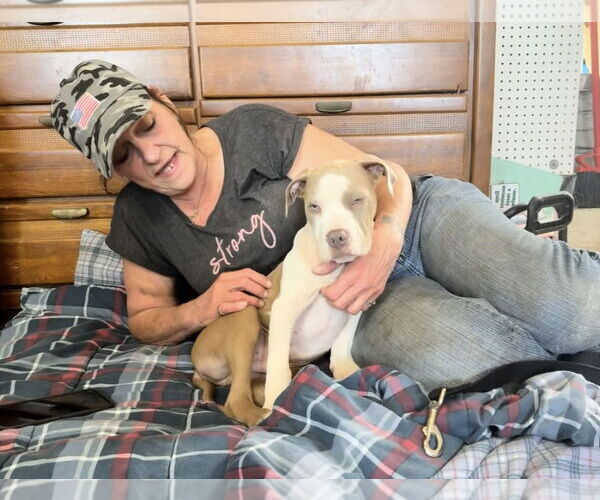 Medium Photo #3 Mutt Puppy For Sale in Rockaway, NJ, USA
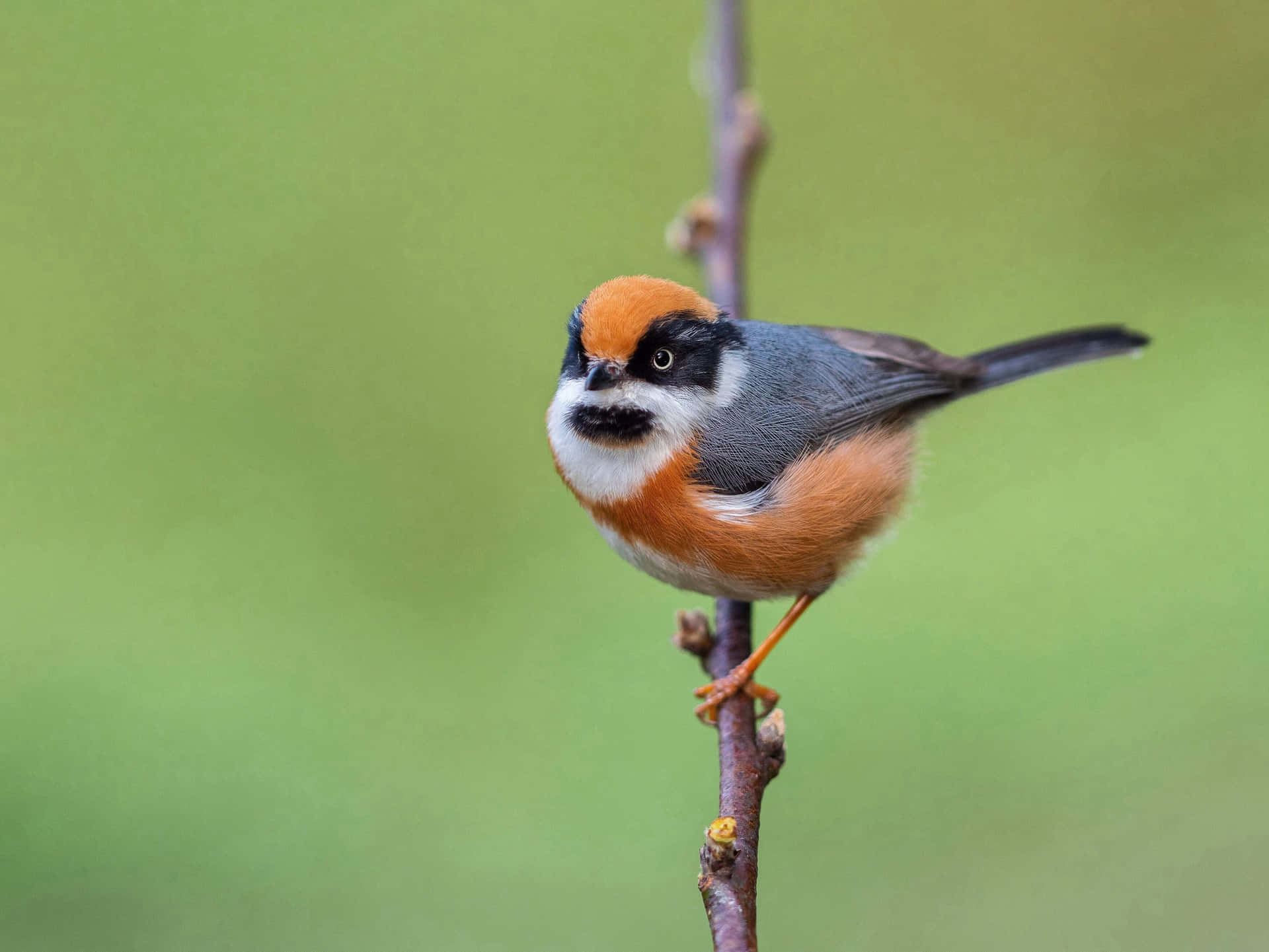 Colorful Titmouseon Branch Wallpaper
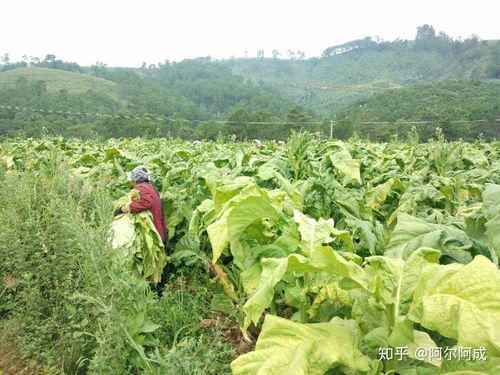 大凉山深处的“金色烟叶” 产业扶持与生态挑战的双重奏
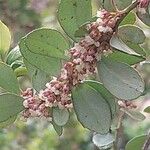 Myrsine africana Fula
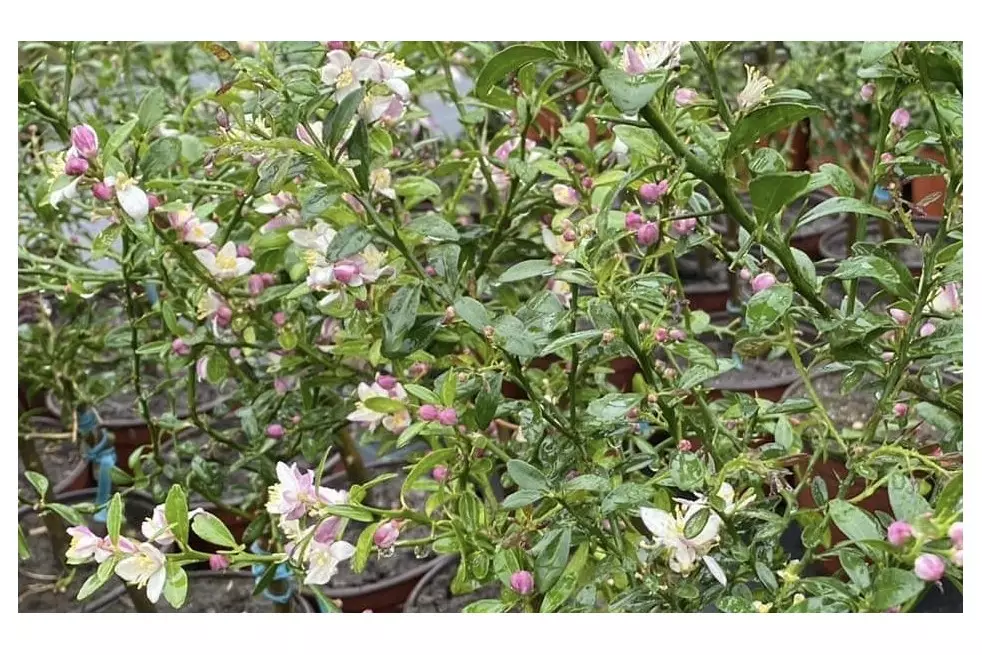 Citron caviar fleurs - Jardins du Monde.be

= = = = = = =

Task objective – Can you repeat every record above exactly, apart from the pictures?

Result –
 Medium Photo #3 Mutt Puppy For Sale in Rockaway, NJ, USA
 Colorful Titmouseon Branch Wallpaper
 大凉山深处的“金色烟叶” 产业扶持与生态挑战的双重奏
 Myrsine africana Fula
 Citron caviar fleurs - Jardins du Monde.be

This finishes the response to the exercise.